That's right folks, yours truly has been boondoggling all weekend when she should have been packing and cleaning her itsy bitsy apartment. For this first time this week, I realized that a tiny little apartment can hold a whole lot of crap. As you can see, I've really done nothing.
[Click on photo to see larger]
And you know what? Rightly so! Pat has, after all, been slumming it in Las Vegas all week. He's "at a conference." Why should I be proactive and do the work of two? Why shouldn't I just go to Brooklyn and explore?
"Why would you go on this outing without Pat?" you ask. Well, for the sake of blog fodder (for this blog and my old, now defunct blog, "The Queens B"), I've dragged Pat all over this place for the past two years - museums and theatrical productions in Manhattan, Socrates Sculpture Park in Long Island City, Brooklyn College, and one strange festival on Staten Island. Pat has since learned from all this, and unless the outing will end with a steak dinner, he's not too eager to join me these days.

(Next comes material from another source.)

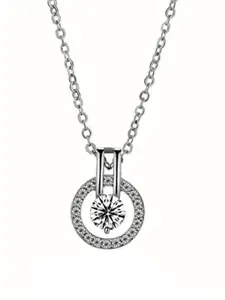 MYKI Silver-Plated Cubic Zirconia Studded Round Pendant with Chain
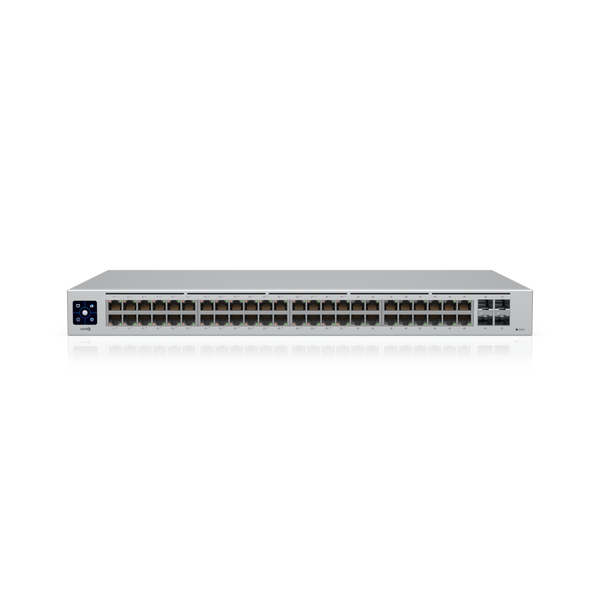 810010072177 Ubiquiti UniFi 48-port Managed Gigabit Layer2 switch,  48x Gigabit Ethernet Ports w/ 32x 802.3at POE+, 4x SFP Port Touch Display 195W, 2Yr Warr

His absence was the perfect excuse for me to take the 1 1/2 hour bus and train rides into Brooklyn, specifically Park Slope (or as my sister accidentally referred to it one day, "Pig Slop"), and grab some lunch with my friend and Brooklynite, Alice. And grab some lunch we did!
Homemade turkey burger (none of that Jenny-O stuff) with garam spices gruyere cheese, pickled veggies and roasted potatoes. Amen, sister.
This was the moment when Alice discovered how we could avoid raising the debt ceiling over her huevos rancheros with heirloom beans and 3(!) salsas.
After sufficiently filling our stomachs with the superb food of Juventino, we decided to take a walk in Prospect Park. Unfortunately, I was sweating like a dog the whole time and was too lazy to take photos.
But I did take this photo of a row of brownstones in Park Slope....
...through Alice's car window. The reason why I took it through the car window is because we were seriously sitting for 10 minutes, waiting for woman (who puked out the side of her car then proceeded to stuff her face with pretzels - no lie) to give up her parking space on the street.
Ah New York, you sweet bitch, I'll miss you.